Monday, Jul. 08, 1974
No profession finds self-analysis easy. This is particularly true of journalism, whose practitioners regularly evaluate the performance of others. We have been scrutinizing our colleagues--and sometimes ourselves--in our Press section since our first issue in 1923. This week in our cover story, we undertake the admittedly difficult task of examining the role of the press in the Watergate affair, a topic that arouses considerable passion among readers as well as journalists. In an accompanying Essay, we further consider the moral problems faced by the press, its future tasks and its role in the American system. It is a subject about which TIME, as a participant, can scarcely claim neutrality. But with the help of TIME correspondents across the U.S., who reported their own assessments as well as the views of editors, news executives and fellow reporters, we have attempted a serious and dispassionate accounting of both the shortcomings and the accomplishments of our craft.
The senior editor of the Press section, Laurence I. Barrett, put aside his editing pencil to write the cover story, his 26th since joining TIME in 1965. For him, it represents a return to his earliest professional concerns. After graduation from New York University and the Columbia School of Journalism, Barrett went to the New York Herald Tribune as a political reporter in 1958. He wrote a weekly column on New York's city hall (accumulating grist for his 1965 novel, The Mayor of New York), then moved to Washington to cover the Pentagon and national politics. When the Trib, with Barrett on the story, was among the few papers to expose the Billie Sol Estes scandal, President Kennedy angrily canceled his subscription. He felt that the Herald Tribune, a Republican paper, was giving undue coverage to a Democratic scandal. "Covering public affairs at all levels," recalls Barrett, "I saw myself as kind of an honest cop trying to keep public officials straight. Now I'm trying to do this with my own kind in the cover story, and it poses certain conceptual difficulties. You almost have to step outside yourself."

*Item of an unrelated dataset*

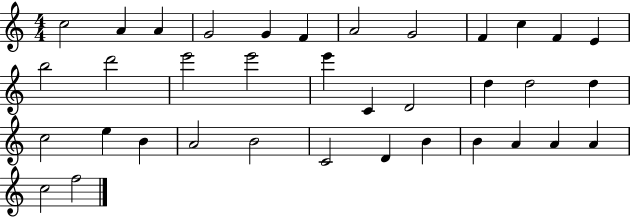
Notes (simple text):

C5/h A4/q A4/q G4/h G4/q F4/q A4/h G4/h F4/q C5/q F4/q E4/q B5/h D6/h E6/h E6/h E6/q C4/q D4/h D5/q D5/h D5/q C5/h E5/q B4/q A4/h B4/h C4/h D4/q B4/q B4/q A4/q A4/q A4/q C5/h F5/h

The story presented a different sort of problem for Gail Eisen, who spent several weeks sifting through mountains of Watergate reportage. She was especially interested in locating White House denials of specific Watergate stories and then ascertaining whether the stories or the denials had been correct. "It was often frustrating," she says, "but having begun digging on any one of them, I couldn't give up. It turned out that the press had committed precious few errors."